Information given:
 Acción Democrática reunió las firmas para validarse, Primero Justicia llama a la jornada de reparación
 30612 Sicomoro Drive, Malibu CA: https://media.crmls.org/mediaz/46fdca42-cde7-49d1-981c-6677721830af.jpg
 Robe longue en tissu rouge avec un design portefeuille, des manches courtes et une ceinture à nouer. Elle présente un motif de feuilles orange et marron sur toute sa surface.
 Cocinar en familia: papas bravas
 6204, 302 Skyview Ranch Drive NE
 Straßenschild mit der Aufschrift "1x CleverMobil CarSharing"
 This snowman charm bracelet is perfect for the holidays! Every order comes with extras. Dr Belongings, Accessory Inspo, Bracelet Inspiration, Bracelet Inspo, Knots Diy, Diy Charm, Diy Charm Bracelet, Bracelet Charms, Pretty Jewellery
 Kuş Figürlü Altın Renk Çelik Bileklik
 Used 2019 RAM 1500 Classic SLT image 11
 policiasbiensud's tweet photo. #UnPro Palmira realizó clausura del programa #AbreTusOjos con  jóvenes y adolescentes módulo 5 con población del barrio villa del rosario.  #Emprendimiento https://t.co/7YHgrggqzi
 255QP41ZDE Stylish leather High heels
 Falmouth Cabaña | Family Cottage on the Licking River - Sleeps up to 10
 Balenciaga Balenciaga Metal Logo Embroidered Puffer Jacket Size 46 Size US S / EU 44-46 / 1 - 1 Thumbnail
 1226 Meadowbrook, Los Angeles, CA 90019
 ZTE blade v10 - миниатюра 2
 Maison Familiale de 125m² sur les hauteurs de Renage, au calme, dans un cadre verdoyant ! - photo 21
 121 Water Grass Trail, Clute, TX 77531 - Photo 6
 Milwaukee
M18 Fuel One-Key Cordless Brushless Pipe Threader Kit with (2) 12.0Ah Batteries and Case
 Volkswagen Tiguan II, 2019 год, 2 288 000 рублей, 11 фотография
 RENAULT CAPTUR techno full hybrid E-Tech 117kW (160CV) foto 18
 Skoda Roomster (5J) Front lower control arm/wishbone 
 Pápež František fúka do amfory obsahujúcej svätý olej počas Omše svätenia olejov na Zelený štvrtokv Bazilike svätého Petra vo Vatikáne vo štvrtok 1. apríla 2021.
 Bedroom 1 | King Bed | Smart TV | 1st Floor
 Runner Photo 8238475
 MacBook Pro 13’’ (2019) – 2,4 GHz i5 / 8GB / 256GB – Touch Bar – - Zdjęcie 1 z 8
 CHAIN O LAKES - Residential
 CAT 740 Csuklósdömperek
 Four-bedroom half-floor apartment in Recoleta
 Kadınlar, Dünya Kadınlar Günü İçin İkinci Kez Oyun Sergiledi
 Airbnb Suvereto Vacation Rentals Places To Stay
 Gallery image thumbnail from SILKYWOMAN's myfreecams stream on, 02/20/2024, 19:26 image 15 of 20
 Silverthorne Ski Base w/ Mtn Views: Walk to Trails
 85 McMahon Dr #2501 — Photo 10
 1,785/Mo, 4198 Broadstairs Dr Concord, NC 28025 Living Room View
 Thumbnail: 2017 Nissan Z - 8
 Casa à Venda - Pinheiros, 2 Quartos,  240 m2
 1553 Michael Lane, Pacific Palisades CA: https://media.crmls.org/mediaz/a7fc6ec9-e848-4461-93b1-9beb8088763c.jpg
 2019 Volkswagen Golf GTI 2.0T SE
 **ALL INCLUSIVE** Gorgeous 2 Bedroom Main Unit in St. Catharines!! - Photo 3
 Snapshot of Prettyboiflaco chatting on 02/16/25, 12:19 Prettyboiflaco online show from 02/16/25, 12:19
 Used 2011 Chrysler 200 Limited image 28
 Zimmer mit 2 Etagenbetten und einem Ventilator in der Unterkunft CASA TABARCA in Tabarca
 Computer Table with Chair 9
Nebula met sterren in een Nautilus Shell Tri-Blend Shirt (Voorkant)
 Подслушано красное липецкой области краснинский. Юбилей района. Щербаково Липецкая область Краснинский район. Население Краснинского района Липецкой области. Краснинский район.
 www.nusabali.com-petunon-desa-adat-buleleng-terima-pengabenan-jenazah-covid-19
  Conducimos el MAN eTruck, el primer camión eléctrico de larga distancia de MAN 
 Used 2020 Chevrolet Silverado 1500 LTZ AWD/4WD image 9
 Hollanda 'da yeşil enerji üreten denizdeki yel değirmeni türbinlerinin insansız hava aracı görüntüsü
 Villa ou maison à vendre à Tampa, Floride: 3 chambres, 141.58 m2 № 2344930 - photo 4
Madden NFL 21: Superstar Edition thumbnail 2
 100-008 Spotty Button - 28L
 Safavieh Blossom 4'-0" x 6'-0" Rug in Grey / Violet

About this task: Give back exactly the lines from the one that contains "Подслушано красное липецкой" to the end of the data above, both of those lines included.

Answer section:
 Подслушано красное липецкой области краснинский. Юбилей района. Щербаково Липецкая область Краснинский район. Население Краснинского района Липецкой области. Краснинский район.
 www.nusabali.com-petunon-desa-adat-buleleng-terima-pengabenan-jenazah-covid-19
  Conducimos el MAN eTruck, el primer camión eléctrico de larga distancia de MAN 
 Used 2020 Chevrolet Silverado 1500 LTZ AWD/4WD image 9
 Hollanda 'da yeşil enerji üreten denizdeki yel değirmeni türbinlerinin insansız hava aracı görüntüsü
 Villa ou maison à vendre à Tampa, Floride: 3 chambres, 141.58 m2 № 2344930 - photo 4
Madden NFL 21: Superstar Edition thumbnail 2
 100-008 Spotty Button - 28L
 Safavieh Blossom 4'-0" x 6'-0" Rug in Grey / Violet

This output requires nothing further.